Leichenhof und Modergeruch

Die ersten schriftlichen Quellen über den Rothwald findet man ab 1330, als Herzog Albrecht II den Kartäusermönchen mehr als 30.000 Hektar Wald in den heutigen Gemeindegebieten von Gaming, Scheibbs und Lunz am See übertrug. Damals gab es noch 2.700 Hektar Urwald. 450 Jahre lang verwalteten die Glaubensbrüder das Gebiet, sie betrieben vor allem Holzwirtschaft für Brennholz und für Holzkohle für die Eisenerzindustrie.
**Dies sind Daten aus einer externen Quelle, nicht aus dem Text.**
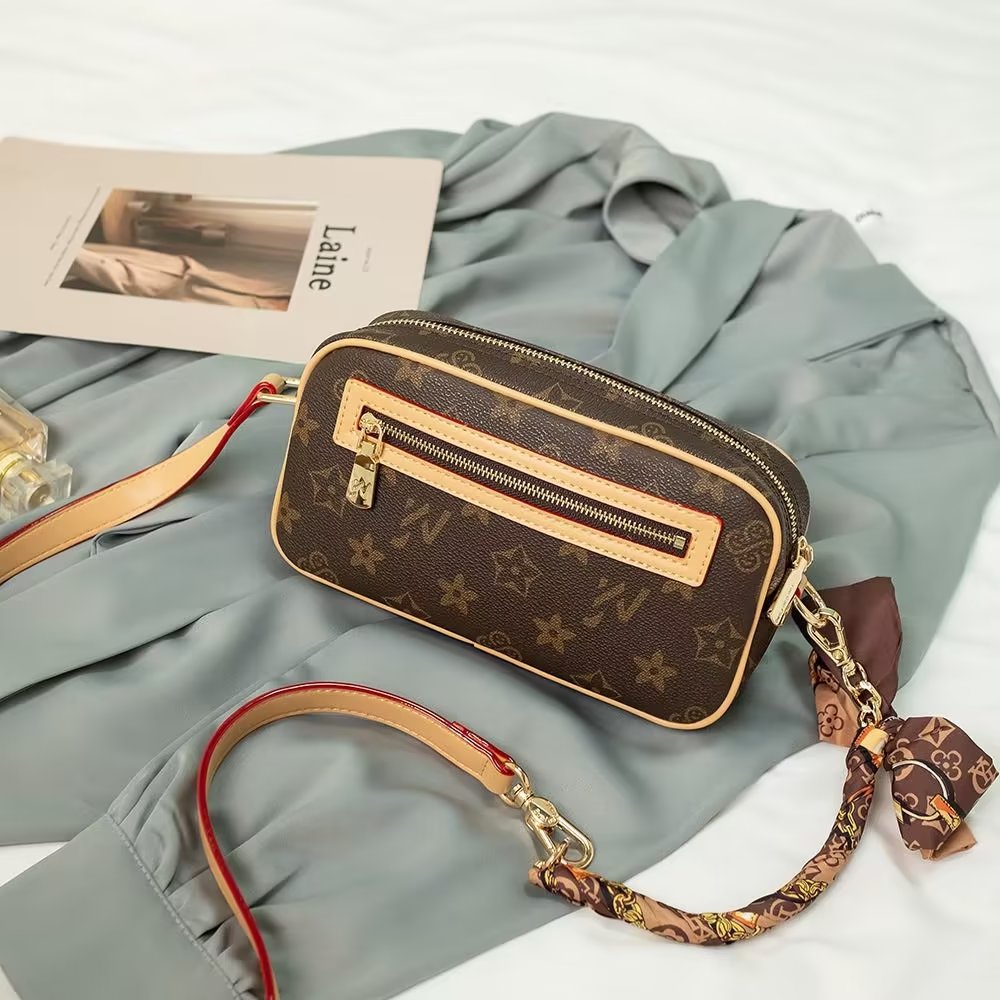 优草坊相机包小方包老花轻奢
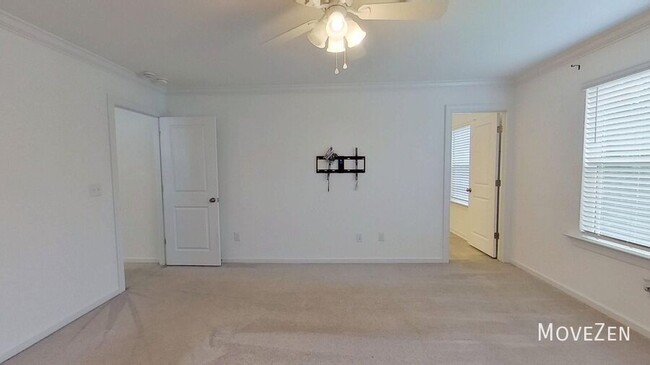 Building Photo - 227 Sweetbay Tree Dr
Dass der Urwald während dieser Zeit um nur 530 Hektar auf 2.170 Hektar schrumpfte, ist zum einen auf die Topografie zurückzuführen: Der Urwald liegt in einem schwer zugänglichen Kessel und seine Bäche führen in der Regel zu wenig Wasser um Baumstämme damit zu transportieren. Zum anderen schützte ein Jahrhunderte lang währender Streit mit dem steirischen Stift Admont um Wassernutzungsrechte den Urwald. Er verhinderte den Transport von Holz über Klausen durch das Gebiet der Steirer.

Wasserfall
Rothschildhaus
Ameisenhügel
Unterholz
Landschaft

Josef II beendete den Streit. 1782 enteignete er den kontemplativen Kartäuserorden und stellte den Wald in staatliche Verwaltung. Als er 1825 privatisiert wurde, waren noch 1.520 Hektar Urwald über. Unter dem neuen Inhaber Graf Albert Festetics de Tolna schrumpfte er allerdings gewaltig: innerhalb von 44 Jahren um mehr als die Hälfte.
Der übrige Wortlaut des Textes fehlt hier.